Daniel F. Stone

  
       The Stone family history began in Bedford County, Pennsylvania, on a
     farm located near Everett and Bedford, with Stone ancestors traced
     througout the Revolutionary War period.
       Daniel F. Stone, reared in his parental home in Pennsylvania, received
     a common school education and on Christmas Day, 1859, married Catherine
     Virginia Shoemaker, from a nearby Pennsylvania family. They began their
     married life on a farm in Bedford County and lived there until afterh the
     birth of three of their children.

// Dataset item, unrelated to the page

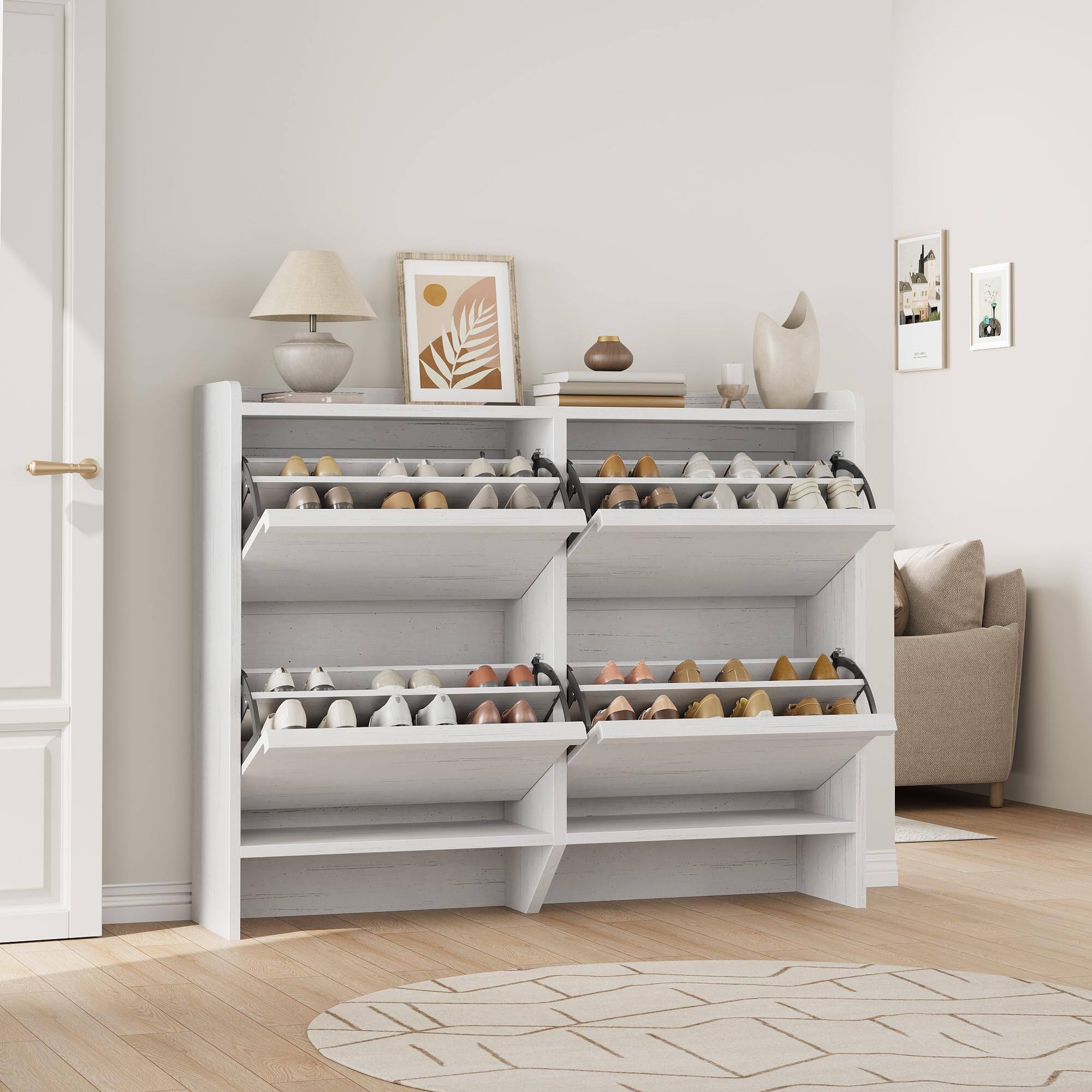 Back. Babevy - Shoe Cabinet with 4 Flip Drawers & Adjustable Shelf, Wooden Large Hidden Shoe Storage for Entryway or Hallway - White.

They then moved to Illinois and resided
     there until theyear of 1879. For the next fifteen years Daniel and Catherine
     lived and farmed in that area where the other members of the family were
     born: Daniel, 1867; Frederick, 1870; Franklin, 1872; Howard, 1874 and
     Maude, 1877.
       In 1879, Daniel and Catherine and their family moved to Kansas and
     located on a farm 7 miles east of Lyons, near where Daniel's younger 
     brother, Solomen, had homesteaded in 1873. Harry, the eldest, left the
     parental home to strike a claim in the Osage Indian District, in Barber
     County; later marrying Orpha E. English, a young school teacher from
     Lousisiana, Missouri. Laura married Clark Conkling, Lyons, Kansas, who
     established the "Lyons Republican" and remained its owner and editor for
     many years. Florence taught school and clerked in the store until her
     marriage to Jim Hall, after which they built a farm home just west of
     Medicine Lodge. Fred, Frank, Dan and Howard raised many eyebrows in those
     days with pranks promoted by Those Stone Boys. One of the fun things was
     to ride horseback to revival meetings, which were held out of doors, some-
     times under tents; after the meeting the boys would ride home, standing
     on the backs of their horses, preaching the same sermon they had just
     heard with loud voices and many gestures.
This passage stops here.